Markdown to HTML: How Conversion Works and Which Tools to Use
Markdown to HTML: How Conversion Works and Which Tools to Use
Converting markdown to HTML is the core operation behind every markdown-based website, documentation tool, and blog. Understanding how markdown-to-HTML conversion works helps you choose the right tool, troubleshoot unexpected output, and make informed decisions about sanitization and rendering security.
Quick Answer: Markdown-to-HTML conversion follows a 2-step process: parsing to an AST (abstract syntax tree), then rendering to an HTML string. The top JavaScript tools are markdown-it (best spec compliance), marked (fastest), and Pandoc (widest format support). For untrusted input, always sanitize output with DOMPurify or sanitize-html to prevent XSS attacks.

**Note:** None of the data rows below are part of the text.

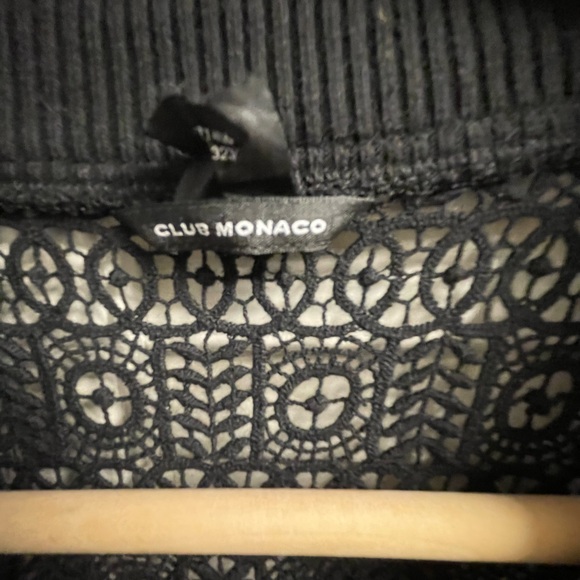 Womens Club Monaco Arlet Crochet Knit Bomber Black Jacket Sz Small - Picture 3 of 5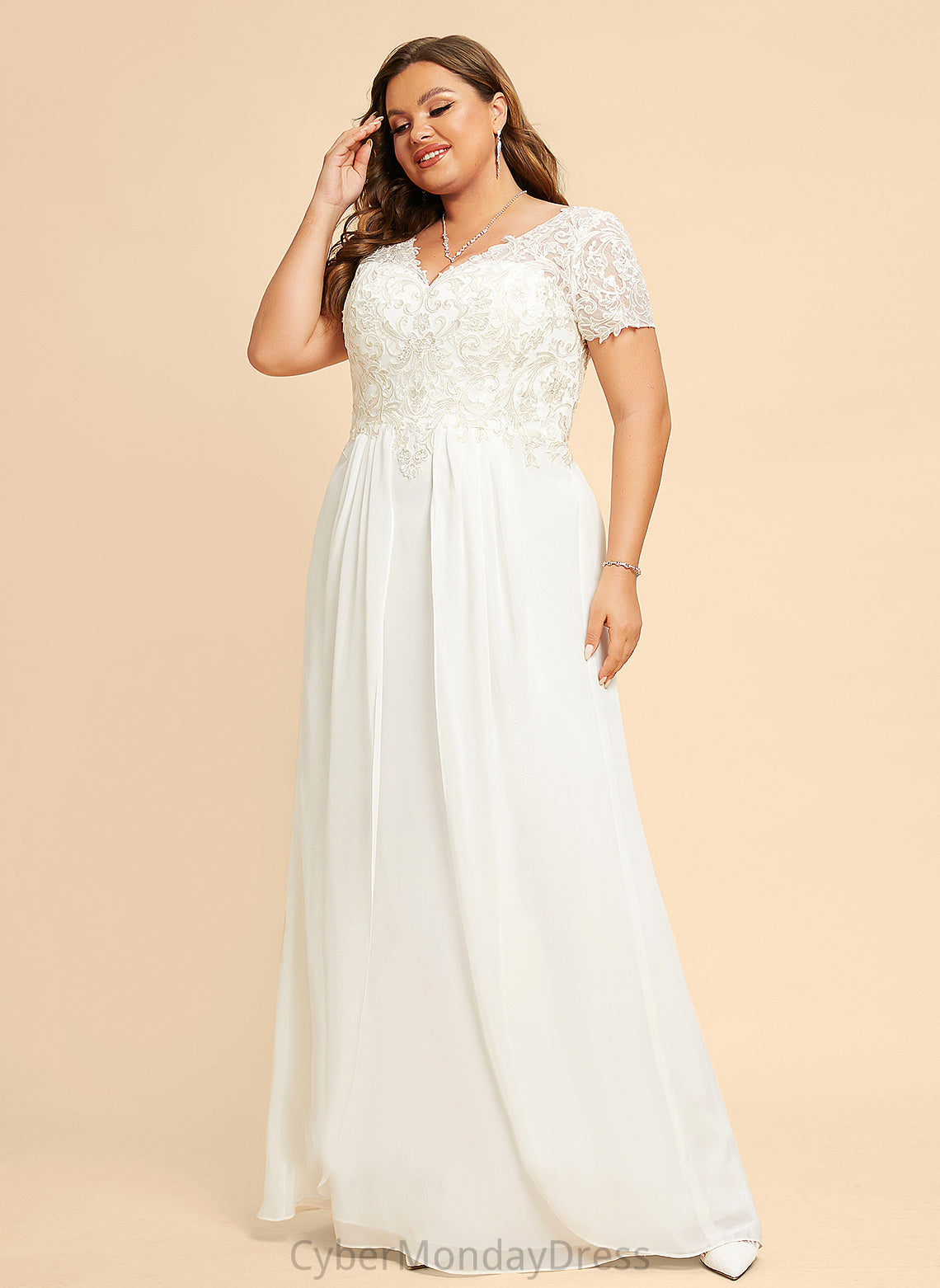 With Janae Lace V-neck Floor-Length Wedding Dresses Dress A-Line Wedding Chiffon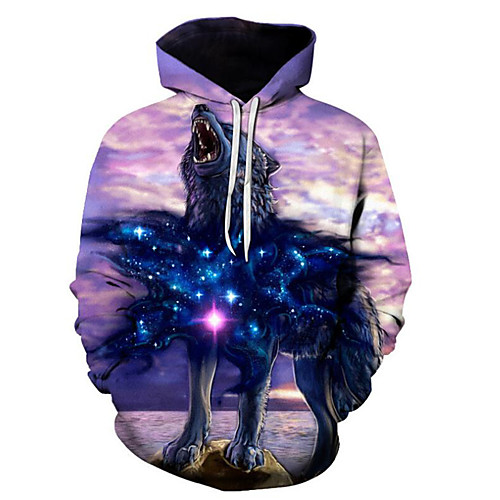 

Men's Plus Size Hoodie Sweatshirt Optical Illusion Hooded Daily Hoodies Sweatshirts Long Sleeve Purple / Fall / Winter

How Does Markdown-to-HTML Conversion Work?
A markdown processor takes a plain text input and produces an HTML string. Internally, most processors follow the same two-step approach:
- Parsing: The input is read and converted into an abstract syntax tree (AST). Each element (paragraph, heading, code block, link) becomes a node in the tree.

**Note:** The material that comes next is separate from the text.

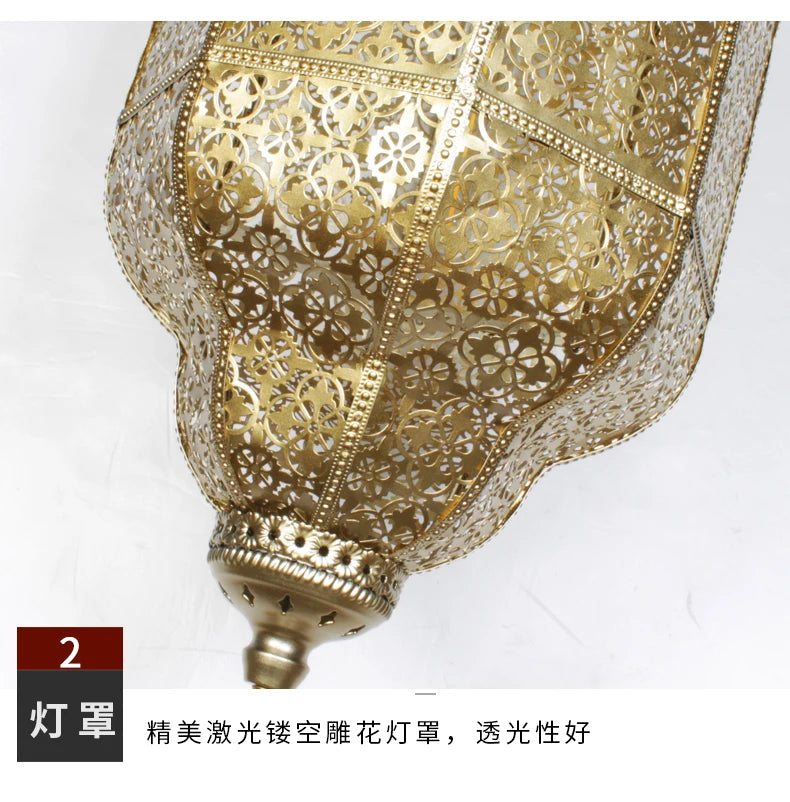 Vintage Antique Hollow Carving Pendant Lamp Southeast Asia Moroccan Golden Hanging Light Restaurant Bar Industrial Pendant Light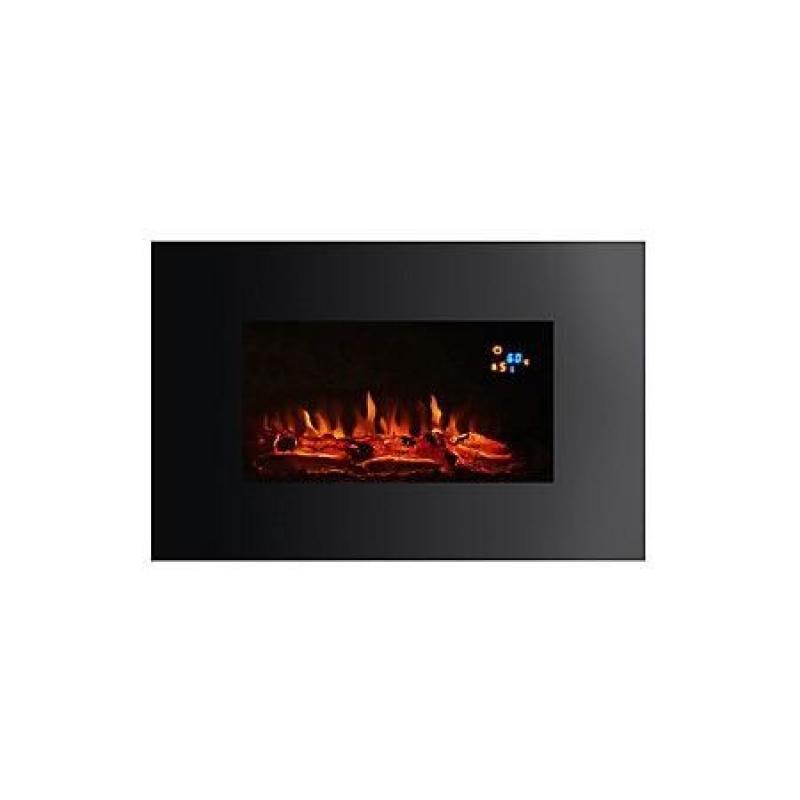 Charmouth wall-hung, remote controlled, black, electric fire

- Rendering: The AST is walked and each node is serialized to an HTML string.
This two-step approach is important because it allows processors to support plugins that transform the AST before rendering. A plugin can add nodes (for example, auto-inserting a table of contents), modify nodes (adding rel="noopener" to external links), or remove nodes (stripping certain elements from untrusted content).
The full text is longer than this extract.